Iran cracks down on reformist media
Liam Hodkinson: Iran's media workers are facing a fresh assault from the authorities
03 Mar 10

The Iranian authorities have banned a daily newspaper and a weekly magazine as a crackdown on reformist media escalated in the Islamic republic.

Iran’s press watchdog revoked the licences of Etemad and Irandokht on the same day that security forces arrested the 49-year-old film-maker Jafar Panahi, who is a vocal supporter of the opposition leader Mir Hossein Mousavi.

The newspaper Etemad was banned for the first time in its eight-year history after publishing remarks made by the former Iranian president Mohammad Khatami, which suggested that the country is facing a “crisis”, the Iranian Labor News Agency reported.

Mohammed Ali Ramin, Iran’s deputy culture minister for media affairs, suggested that the ban was a “bitter decision” for the government to take.

“After repeated warnings and the persistence of the paper in breaching the regulations, the watchdog had no choice but to ban it,” Ramin said.

Specifically, the board said that the newspaper had violated press law number six, forbidding media organisations from revealing secret orders or publishing discussions of parliament’s closed sessions and trials.

The Press Supervisory Board also prohibited the publication of Irandokht; a magazine run by the family of the opposition leader Mehdi Karrubi that started out as a women’s weekly, but has since altered its focus to cultural and political issues.

No official reason has been given for this decision, but the Iranian journalist Masih Alinejad told CNN that the magazine was closed after Karrubi’s wife Fatameh sent a letter to the Supreme Leader Ayatollah Ali Khameini accusing him of abusing her son Ali.

The reporter for Etemad-e Melli said: “Now we are journalists without newspapers, and we really need help for what is happening in Iran to be heard.”

The press supervision body has been busy since the disputed re-election of president Ahmadinejad in June, with the leading business daily Sarmayeh banned in November and the popular publication Etemad-e Melli closed in August.

Highlighting the perilous situation facing many Iranian reporters, Ghanbar Naderi, a journalist for the Iran Daily, told Al Jazeera that continuing closures in the media have created a culture of self-censorship.

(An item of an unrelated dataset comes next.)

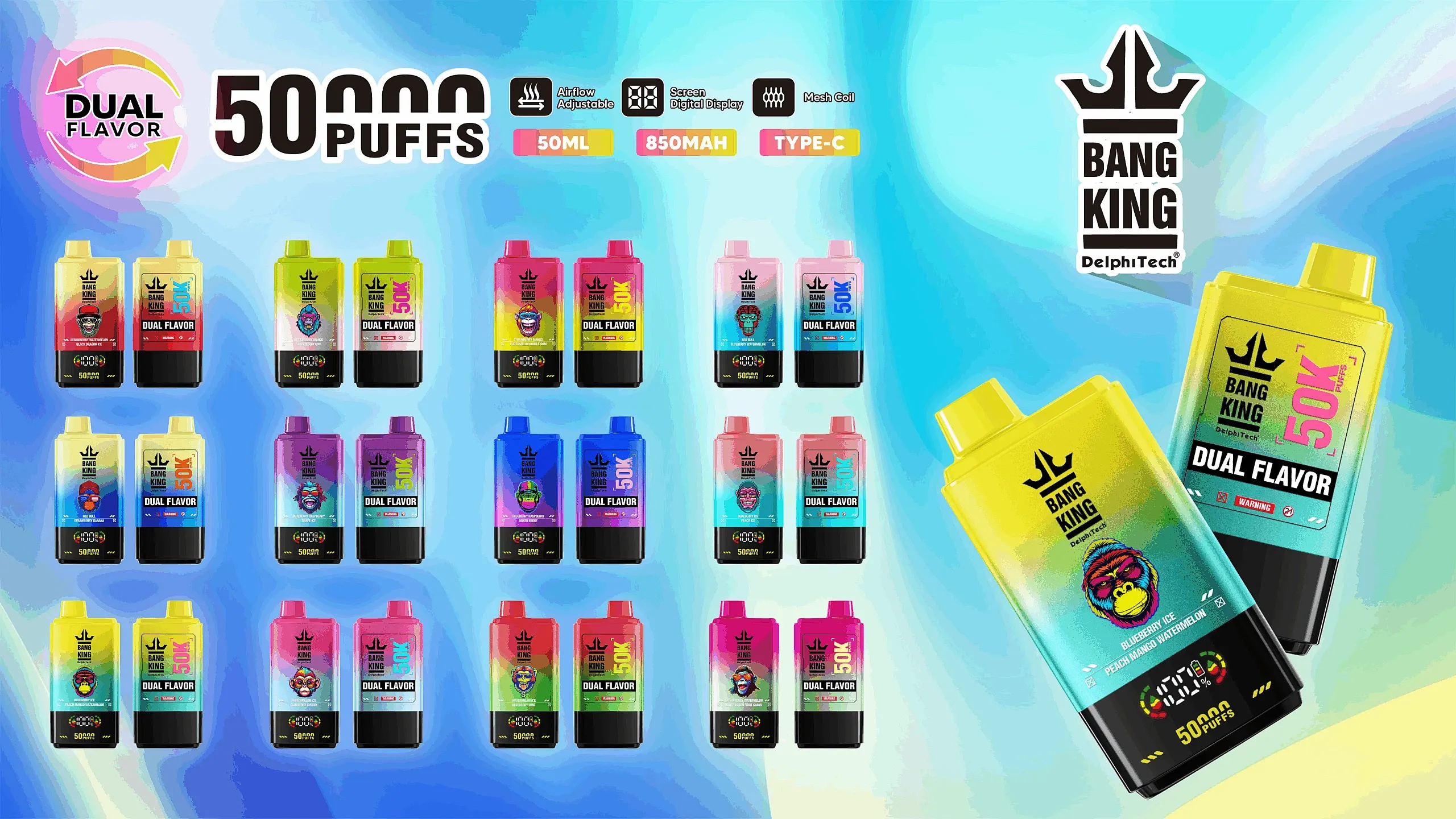 ikony smaków vape, przełącznik dual flavor, różnorodność aromatów e-papierosa - BangKing 50K Dual Flavor Jednorazowy E-Papieros: Dlaczego ...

He said: “In these sensitive times, with the country under constant political pressure, as a journalist your first mistake will be your last.”

In a further move reflecting the continuing crackdown on dissenters, Jafar Panahi, one of Iranian cinema’s most prominent directors, is
being held at an undisclosed location after he was arrested with his wife, daughter and 15 guests at his home on Monday evening.

These arrests come just days after Iranian authorities released six journalists from Tehran’s Evin prison, including Mashallah Shamsolvaezin, spokesman for the Iranian Committee for the Defence of Freedom of the Press.

The New York-based Committee to Protect Journalists disclosed last month that Iran is now “far and away the world’s leading jailer of journalists”. This news follows the launch of a new campaign by a number of leading press freedom and free expression groups, including Index on Censorship entitled Our Society Will be a Free Society, which aims to release the journalists and writers imprisoned by Iranian authorities.